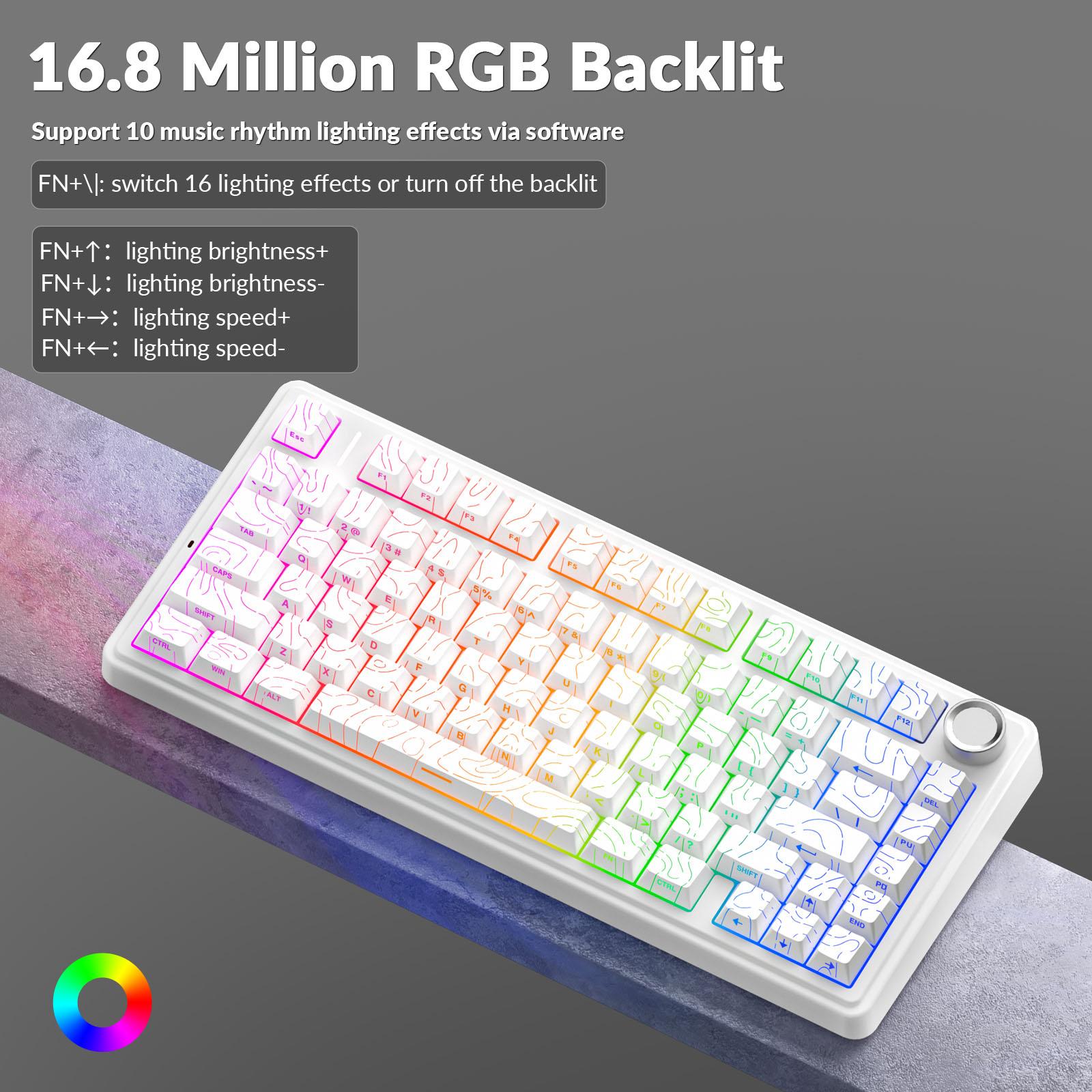[New]AULA F75 Pro Wireless Mechanical Gaming Keyboard,75% Gasket Hot Swappable Custom Keyboard,RGB Backlit,Pre-lubed Reaper Switches,Side Printed PBT Keycaps,2.4GHz/USB-C/BT5.0 PC Accessories Office Creamy Budget Keyboards TikTokShopfalldealsforyou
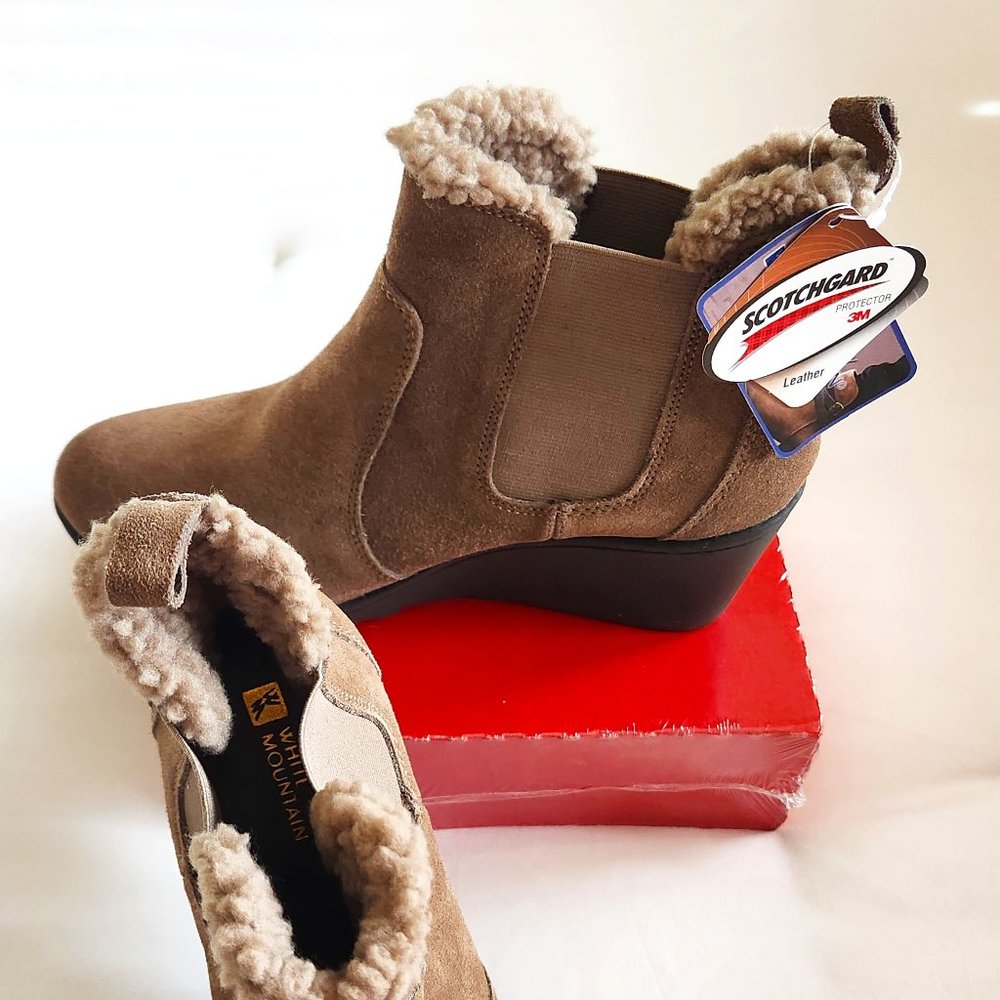 Weather Smart Easy Care White Mountain Brown Suede Boots. Size 9. NWT - Picture 2 of 16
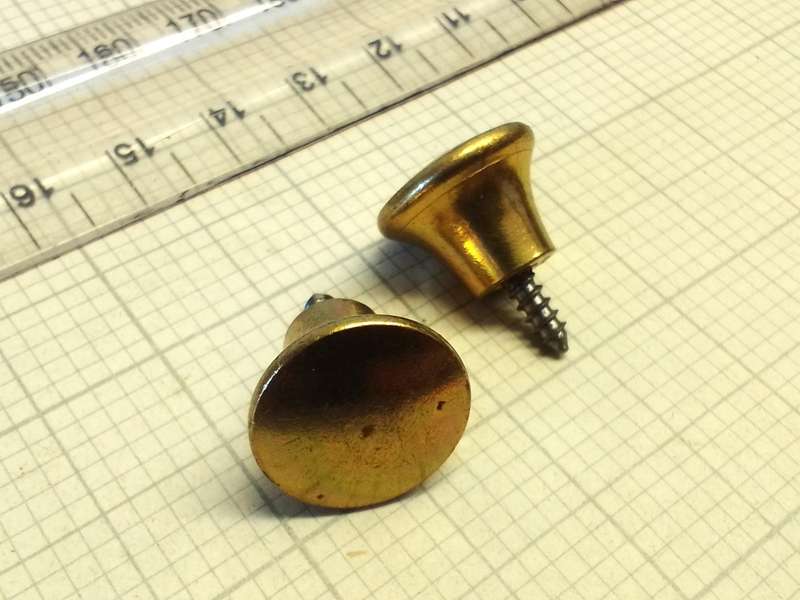 16mm solid brass furniture knobs x 2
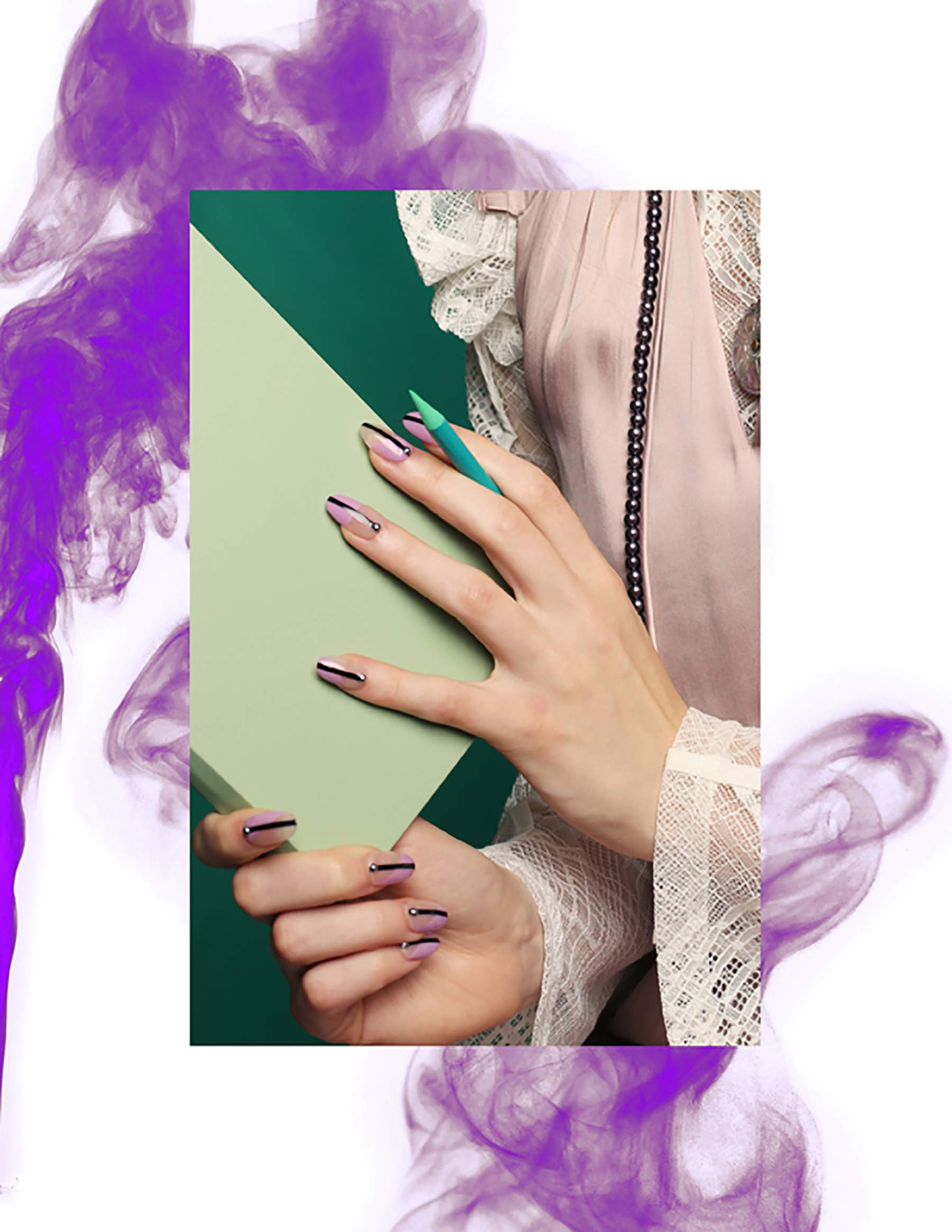 Close up of green and black manicured nails on a hand that holds a olive green book and pencil, image is layered ontop of purple smoke image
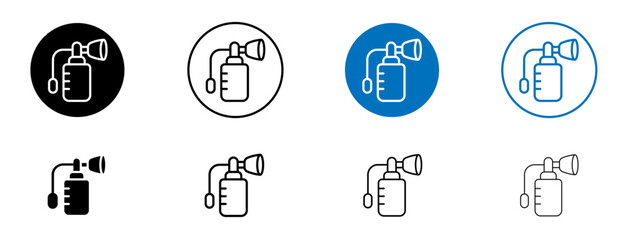 Breast pump icon set in black and blue colors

> _Problem to solve_
Would you please output each record exactly, leaving the images out?

> _Answer section_
[New]AULA F75 Pro Wireless Mechanical Gaming Keyboard,75% Gasket Hot Swappable Custom Keyboard,RGB Backlit,Pre-lubed Reaper Switches,Side Printed PBT Keycaps,2.4GHz/USB-C/BT5.0 PC Accessories Office Creamy Budget Keyboards TikTokShopfalldealsforyou
 Weather Smart Easy Care White Mountain Brown Suede Boots. Size 9. NWT - Picture 2 of 16
 16mm solid brass furniture knobs x 2
 Close up of green and black manicured nails on a hand that holds a olive green book and pencil, image is layered ontop of purple smoke image
 Breast pump icon set in black and blue colors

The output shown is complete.